After a first volume that passed in a fog of reunion bliss and a second that took discomfiting humor so far that it was just plain discomfort, Genshiken 2's third and final volume manages to reclaim some of its charm—if only by cutting back on the faux porn. Too bad it can't quite shake the sense that the series' new animators are less interested in the lives of otaku than their sex lives. Where previous incarnations of the series were satisfied to discuss and slyly imply otaku sexual proclivities, Genshiken 2 hits you in the face with them. And it isn't a pleasant experience. This volume's "sex" sequence—a bit of lolicon eroge footage that develops into a just-plain-wrong fantasy involving Oguie—sits amongst the quietly real slice-of-life proceedings like a softcore turd, and the cosplay jiggle-cams aren't doing anyone any favors. If this volume improves on the last, it's in hitting us less often. The sequence is relatively brief, as are the other sundry fan-service shots, and blessedly alone. Compared to the previous volume's episode-long yaoi fantasy, that's kiddy stuff. Though seriously disruptive kiddy stuff.

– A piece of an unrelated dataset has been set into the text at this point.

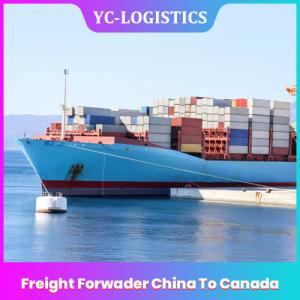 Quality Door To Door Sea Freight Forwarder China To Canada , DDP Amazon Fulfillment Services wholesale
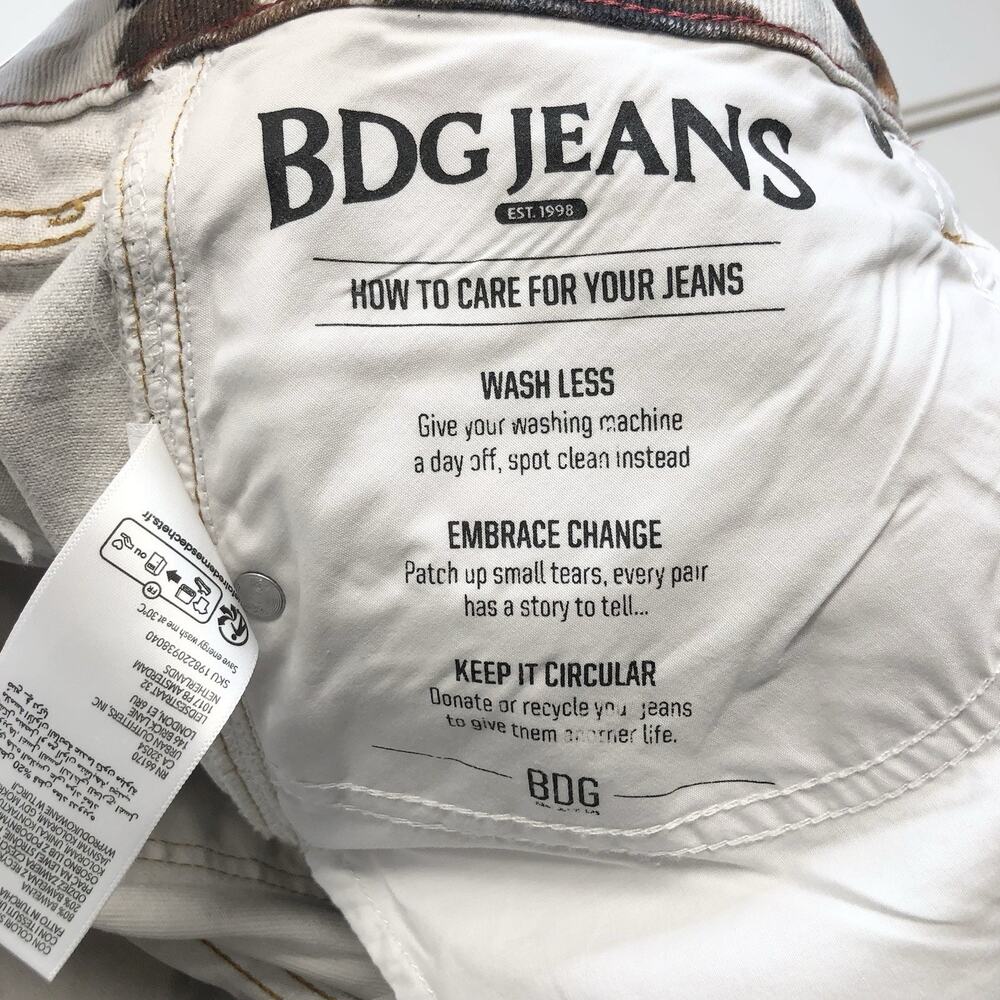 BDG Urban Outfitters Jaya Baggy Cow Print Wide Leg Jeans Low Rise Y2K 26x32 - Picture 10 of 14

That said, even without the grindingly out-of-place explicitness, Genshiken 2 is still a far cruder affair than its quietly incisive predecessor. Sasahara's job-hunt is played for raging sad-sack angst, which sits uncomfortably next to the sweet understatement of his budding attraction to Oguie, which in turn sits ill with the sub-hentai of the aforementioned fantasy. That unbalance is a far cry from the nuance, subtlety and wry humor that marked the series previously. Nevertheless, lumps and all, this is still one of the better otaku-life comedies currently in play. The mists of nostalgia may have lifted and the sexual obsessions come home to roost, but few comedies can match it for unflinching honesty or insight into the inner workings of nerdy obsessives. Oguie's self-loathing has a potent familiarity, and those job interview scenes...they're so painfully true that they're barely funny (and indeed probably weren't intended to be). As warnings about the real-world effects of social withdrawal they have few peers outside of Welcome to the NHK

But more important than all of that are the flashes of quiet sensitivity that flare up at unpredictable intervals. There's Sasahara and Oguie's almost unconscious courtship of course, but also a fine little scene in which a brassy American otaku divines Madarame's hidden affections without so much as a word exchanged. Those two alone are enough to make this volume. The scene with the American Amazon is particularly notable given that her previous function was pure cross-cultural joke.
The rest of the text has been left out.